21 October 2002 at 1:10 pm
Today many Not for Profits are asking just what can they do with the new information and communication technology (ICT)? According to a leading US researcher this is the wrong question. The right question is “what technology do they need to accomplish our goals?”
That’s the opinion of Randy Stoecker who is a leading exponent of collaborative research and action in the development of ICT projects from the University of Toledo, Ohio.
Stoecker was in Australia recently to take part in a conference organised by the Centre for Community Networking Research to look at the big questions surrounding ICT – its impact, potentiality and its shortcomings.
As one of the keynote speakers, Stoecker said community organisations should not allow themselves to be limited by what the corporations tell them the technology can and cannot do.
He said particularly for those of us working in the community sector, the technology often seems like a distraction because the work is not about technologically-mediated interactions, but fundamentally about face to face relationships.
Stoecker says we worry that all this communication and information technology is getting between us and the people we try to serve. We complain about the growing daily wave of e-mail filling our in-boxes, distracting us from our real work. We swear when the computer crashes yet again, just in the middle of trying to enter information into our client database. We waste countless hours searching, sometimes in vein, for information on the Internet that will supposedly improve our practice.
He said the real work is rebuilding the social fabric of society, empowering disenfranchised community members, restoring neighbourhood and family relationships. It is difficult to see why we should be wasting so much time with the technology.
Stoecker concludes that we are treating the technology as the driver rather than the engine. We let the technology, and the corporations who sell it to us, tell us what we should do with it. We need to understand, however, that we are the driver.

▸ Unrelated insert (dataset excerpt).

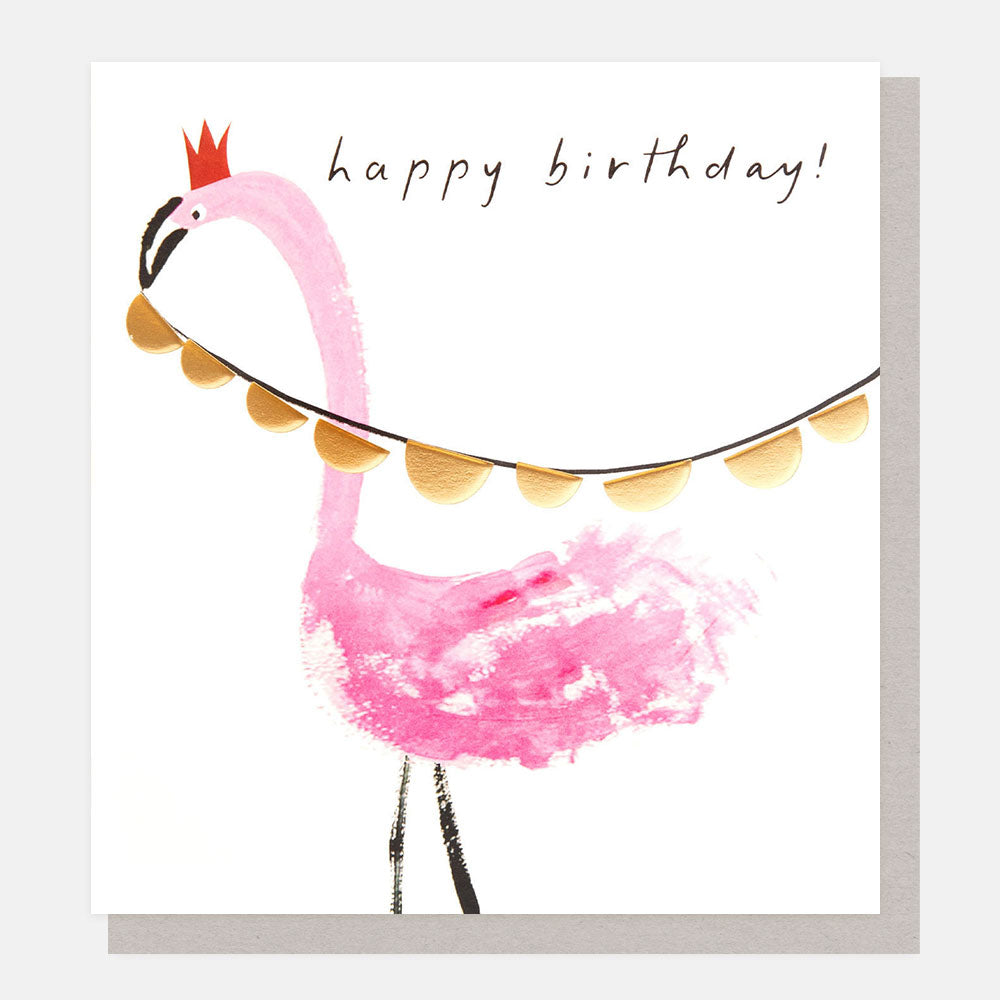 pink flamingo with gold scalloped bunting happy birthday card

He points out that at the same time, the technology offers possibilities that haven’t existed before. These aren’t just technological possibilities, but cultural possibilities as well. When we take responsibility as the driver of the technology, different possibilities emerge. Rather than a distraction, the technology becomes a toolbox.
He said organisations still need to invest time in learning how to use the tools in the toolbox, but now we approach the technology with a need and find or modify tools to fill the need.
He said that by being linked to a community of people doing similar work, with similar information needs, it’s not hard to find out what the best software is and how to use it.
There are ultimately, three basic steps to linking community information technology and community work.
1. Find others who are doing what you do and share information. To the extent it is convenient, use the Internet – e-mail, forums, list-servers.
2. Find a sympathetic academic who is also a good listener and can take direction from the community. Get them going on a project that will help you assess your information needs and resources.
3. When you discover your collective information needs and resources, work on filling the gaps. You can involve community volunteers, empowering them in the process, and free software.
According to Stoecker there is joy as well as labour in reducing alienation from technology. Learning technology in a creative way, beginning with what you want and then figuring out how to make the technology give you what you want, and then engaging others in the same de-alienation process, builds relationships and self-confidence!
Larry Stillman from the Centre for Community Networking Research at Monash University says discussion during the remainder of the Conference became focussed around 4 key areas relevant to the development
of a better understanding of community networking, including research.
1. Funding & Policy
2. Viability and Sustainability
3. Capacity Building – particularly social capacity
4. Technical Infrastructure
Each of these interacts with 4 ‘groups’ — Individuals, community,
organisations, and government.
Stillman says it was it was agreed that a number of basic initiatives could be undertaken to advance discussion, dialogue, communication with community agencies and government, and action, to promote and present a collective voice :
1) Establishment of a reference group and possibly working groups
2) The establishment of a ‘listserv’ (to be set up by NOIE – Peter
Huta/Karen Geiselhart)
3) The continuing need for face to face interaction.